WORK INSTRUCTIONS: Each record should be given again exactly as it appears, with no image included.

%%

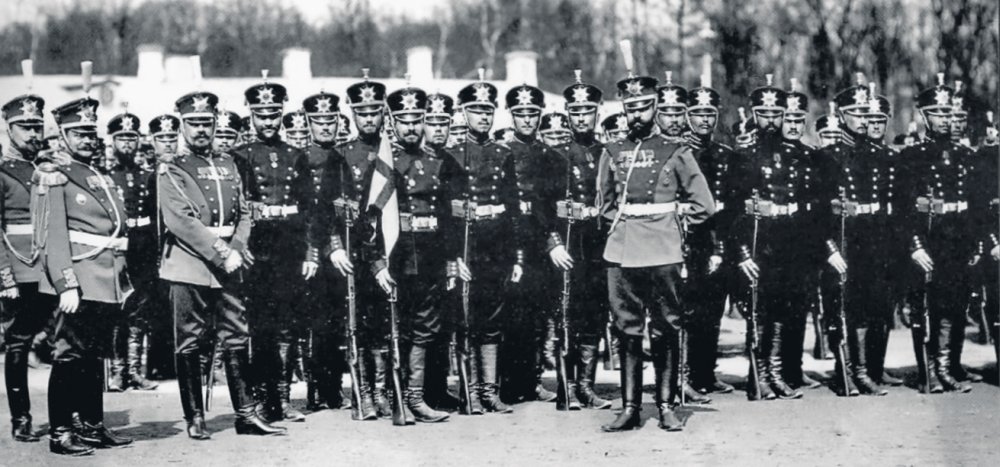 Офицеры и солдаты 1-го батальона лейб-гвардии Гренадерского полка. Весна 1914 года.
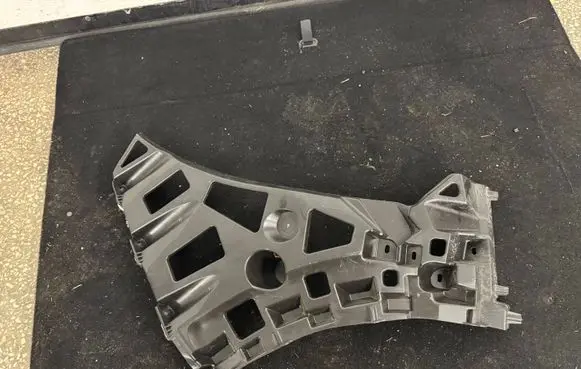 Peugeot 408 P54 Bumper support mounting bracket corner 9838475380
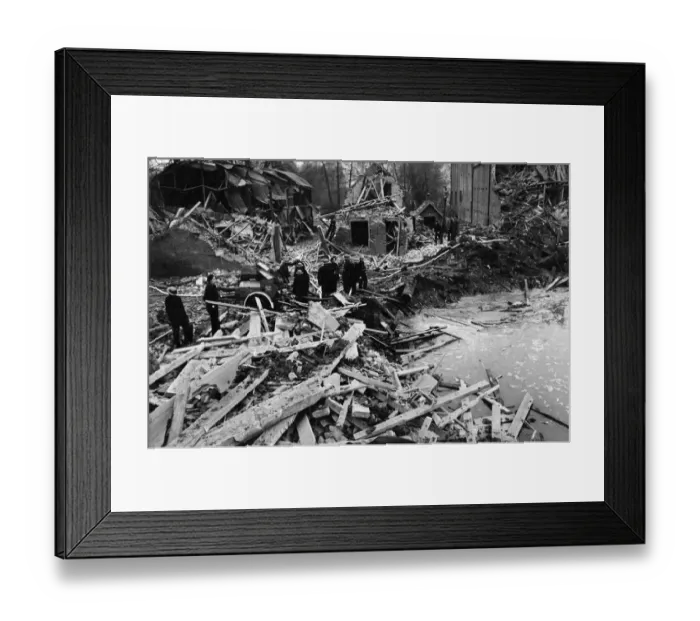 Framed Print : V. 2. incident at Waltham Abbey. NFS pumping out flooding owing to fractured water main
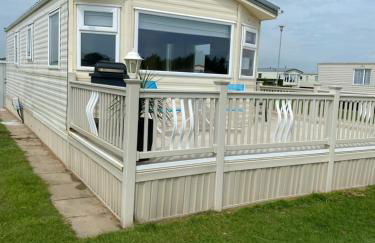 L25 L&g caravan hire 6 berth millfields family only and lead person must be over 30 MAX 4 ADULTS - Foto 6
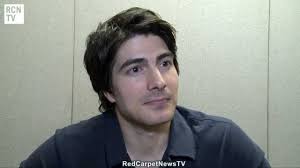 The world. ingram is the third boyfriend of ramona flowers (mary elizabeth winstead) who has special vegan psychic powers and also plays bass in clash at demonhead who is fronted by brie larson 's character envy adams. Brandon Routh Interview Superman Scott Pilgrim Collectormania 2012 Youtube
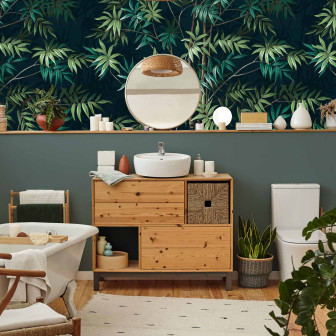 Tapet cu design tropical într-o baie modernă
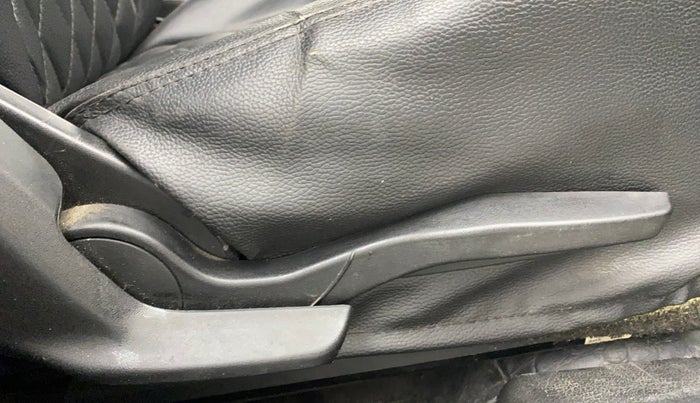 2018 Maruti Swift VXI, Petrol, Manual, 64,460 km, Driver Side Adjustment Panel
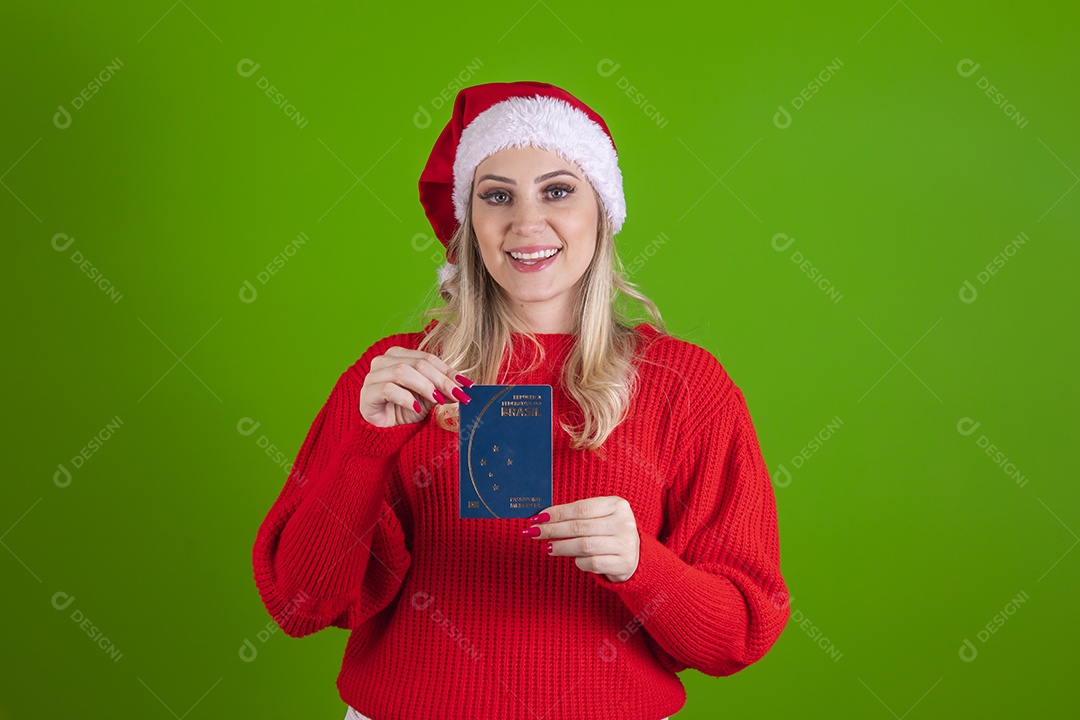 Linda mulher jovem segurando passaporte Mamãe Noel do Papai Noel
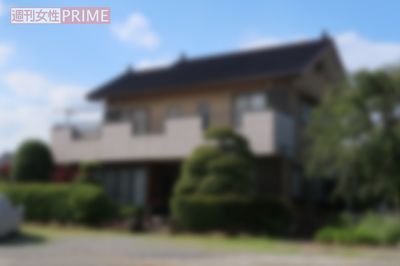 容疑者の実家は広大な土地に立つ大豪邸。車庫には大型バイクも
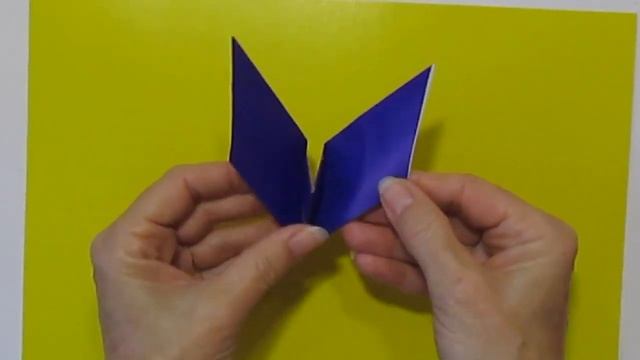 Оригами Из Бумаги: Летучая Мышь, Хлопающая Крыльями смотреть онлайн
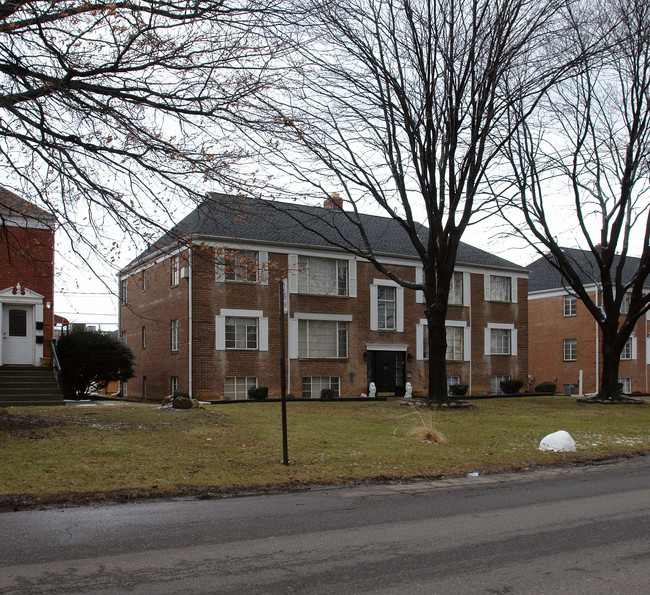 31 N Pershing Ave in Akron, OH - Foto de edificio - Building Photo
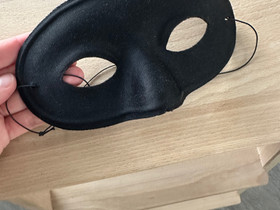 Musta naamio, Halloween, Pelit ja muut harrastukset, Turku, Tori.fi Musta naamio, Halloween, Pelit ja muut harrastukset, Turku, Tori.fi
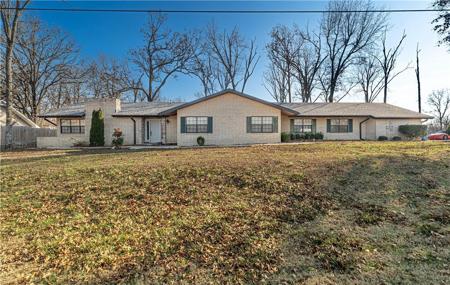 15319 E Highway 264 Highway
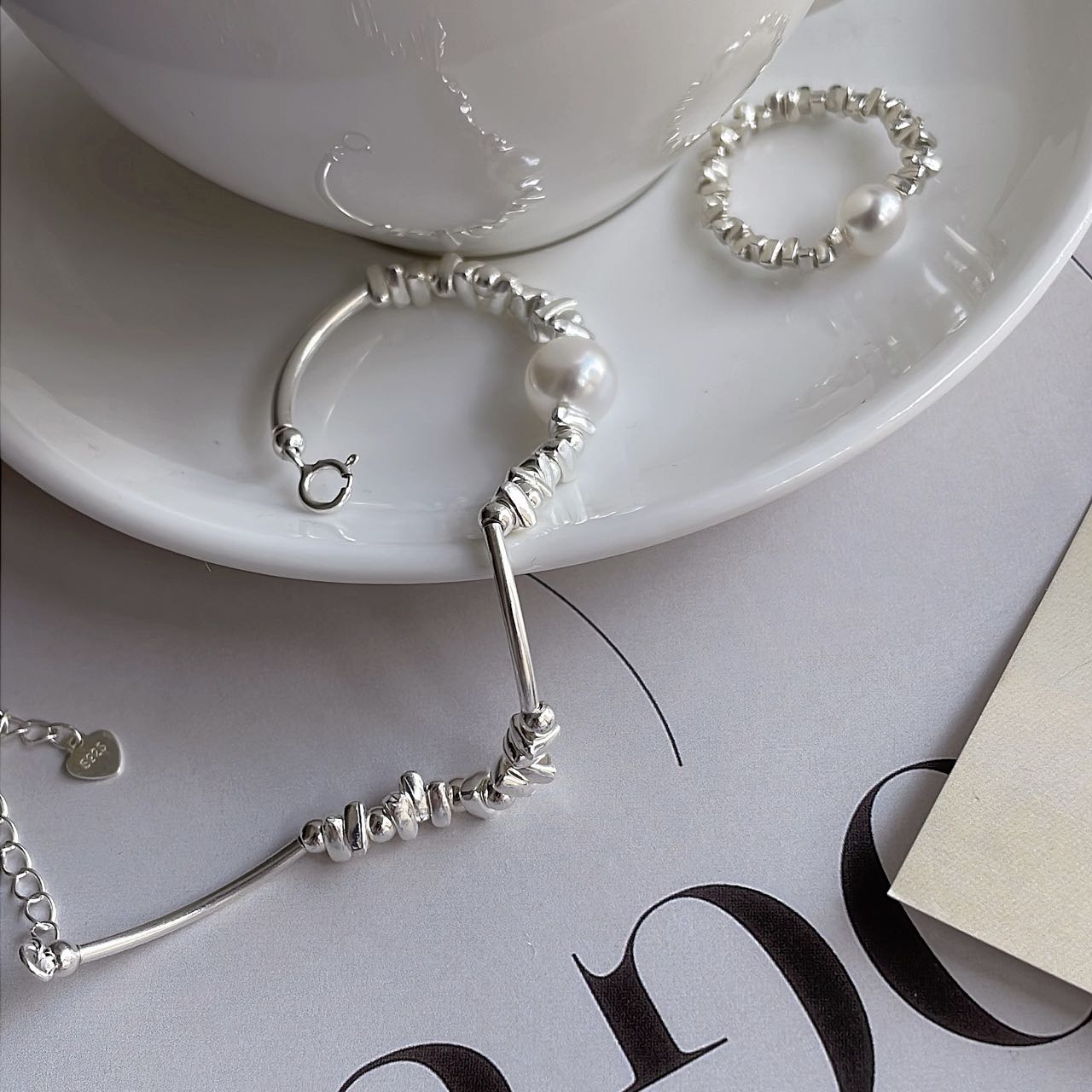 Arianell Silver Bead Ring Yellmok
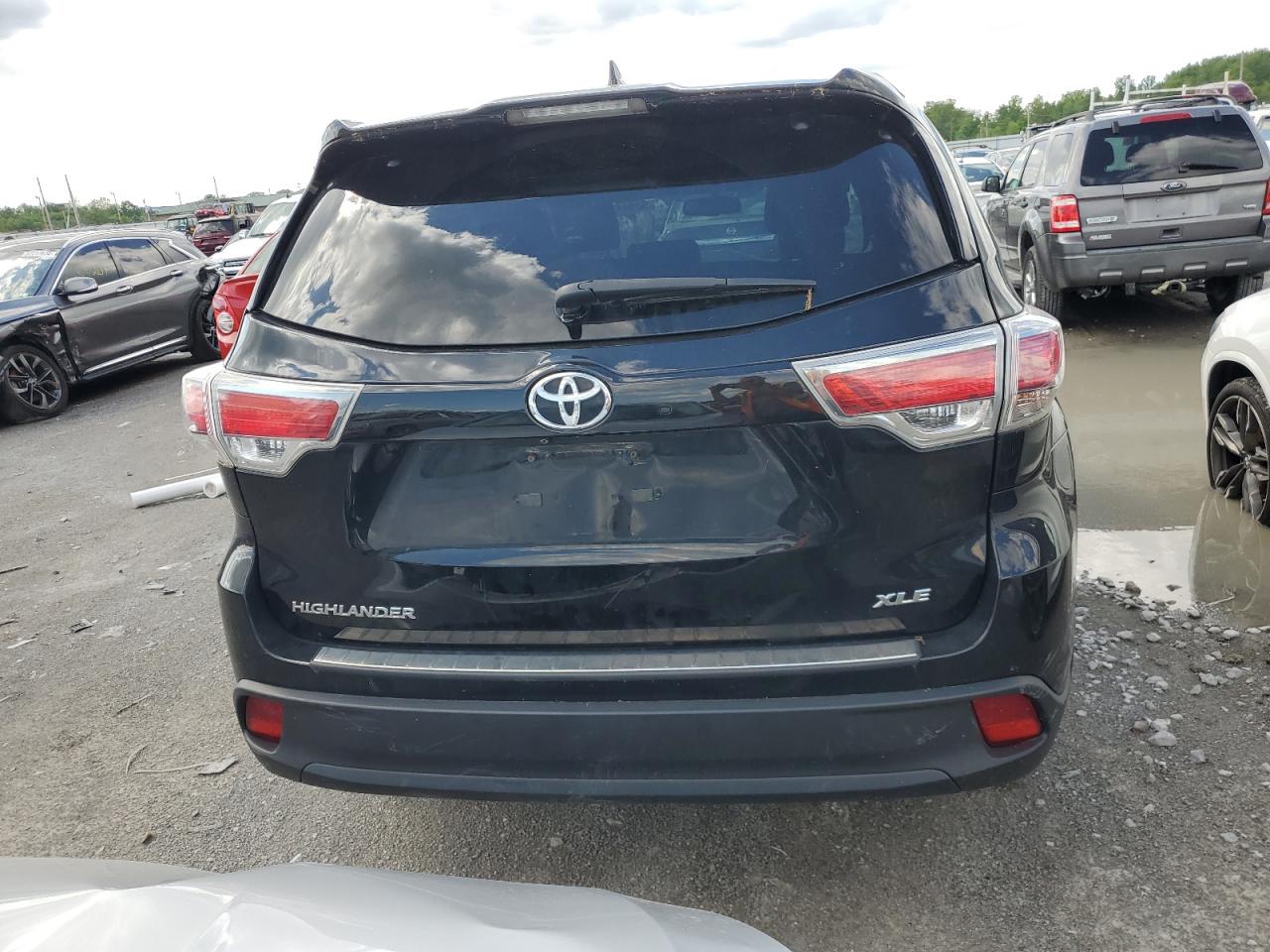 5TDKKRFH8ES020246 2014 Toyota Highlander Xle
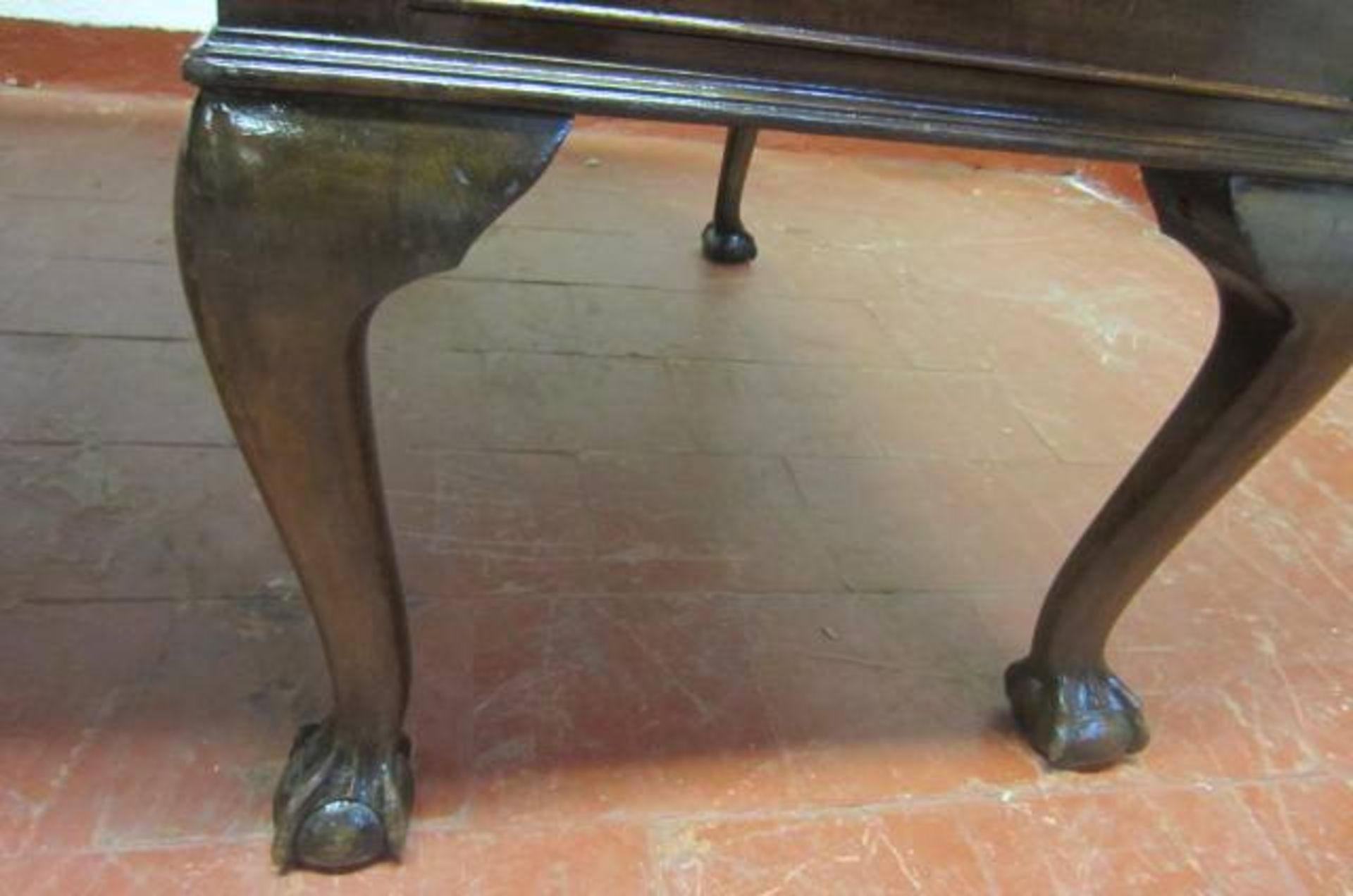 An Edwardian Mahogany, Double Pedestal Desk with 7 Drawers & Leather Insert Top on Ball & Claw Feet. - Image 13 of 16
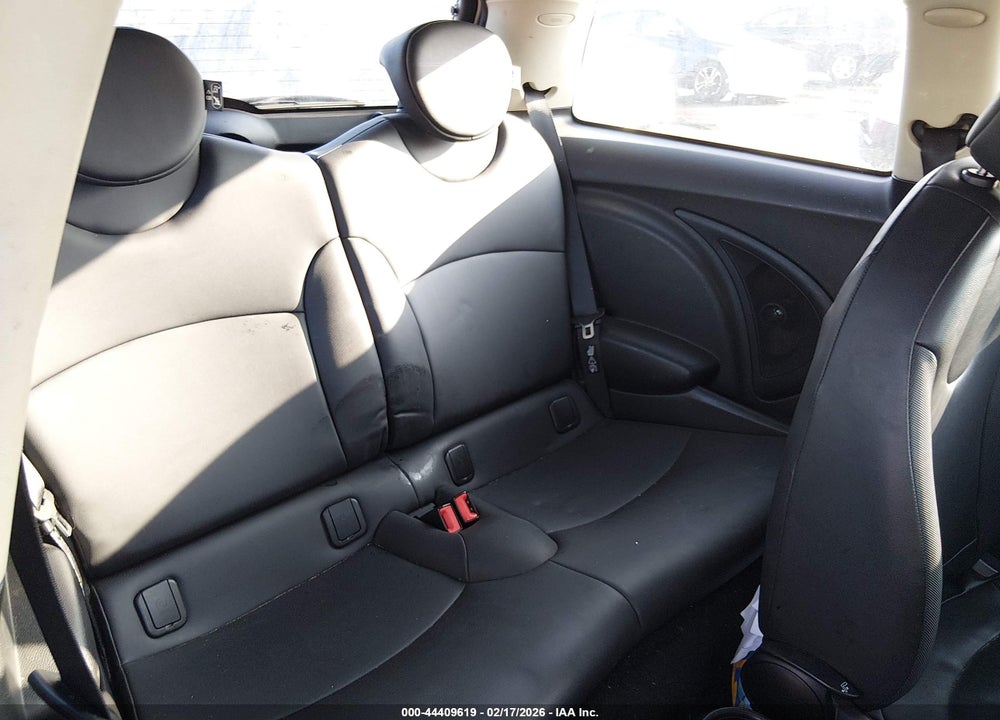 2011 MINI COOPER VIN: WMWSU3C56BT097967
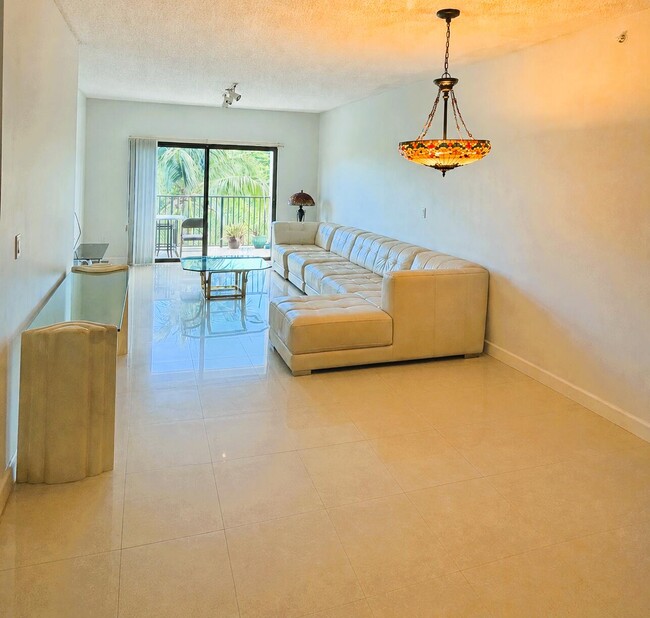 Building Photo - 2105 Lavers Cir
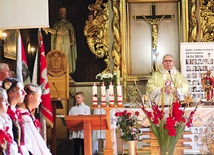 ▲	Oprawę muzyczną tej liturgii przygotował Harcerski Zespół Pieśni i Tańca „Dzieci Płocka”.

%%

WRITTEN SOLUTION:
 Офицеры и солдаты 1-го батальона лейб-гвардии Гренадерского полка. Весна 1914 года.
 Peugeot 408 P54 Bumper support mounting bracket corner 9838475380
 Framed Print : V. 2. incident at Waltham Abbey. NFS pumping out flooding owing to fractured water main
 L25 L&g caravan hire 6 berth millfields family only and lead person must be over 30 MAX 4 ADULTS - Foto 6
 The world. ingram is the third boyfriend of ramona flowers (mary elizabeth winstead) who has special vegan psychic powers and also plays bass in clash at demonhead who is fronted by brie larson 's character envy adams. Brandon Routh Interview Superman Scott Pilgrim Collectormania 2012 Youtube
 Tapet cu design tropical într-o baie modernă
 2018 Maruti Swift VXI, Petrol, Manual, 64,460 km, Driver Side Adjustment Panel
 Linda mulher jovem segurando passaporte Mamãe Noel do Papai Noel
 容疑者の実家は広大な土地に立つ大豪邸。車庫には大型バイクも
 Оригами Из Бумаги: Летучая Мышь, Хлопающая Крыльями смотреть онлайн
 31 N Pershing Ave in Akron, OH - Foto de edificio - Building Photo
 Musta naamio, Halloween, Pelit ja muut harrastukset, Turku, Tori.fi Musta naamio, Halloween, Pelit ja muut harrastukset, Turku, Tori.fi
 15319 E Highway 264 Highway
 Arianell Silver Bead Ring Yellmok
 5TDKKRFH8ES020246 2014 Toyota Highlander Xle
 An Edwardian Mahogany, Double Pedestal Desk with 7 Drawers & Leather Insert Top on Ball & Claw Feet. - Image 13 of 16
 2011 MINI COOPER VIN: WMWSU3C56BT097967
 Building Photo - 2105 Lavers Cir
 ▲	Oprawę muzyczną tej liturgii przygotował Harcerski Zespół Pieśni i Tańca „Dzieci Płocka”.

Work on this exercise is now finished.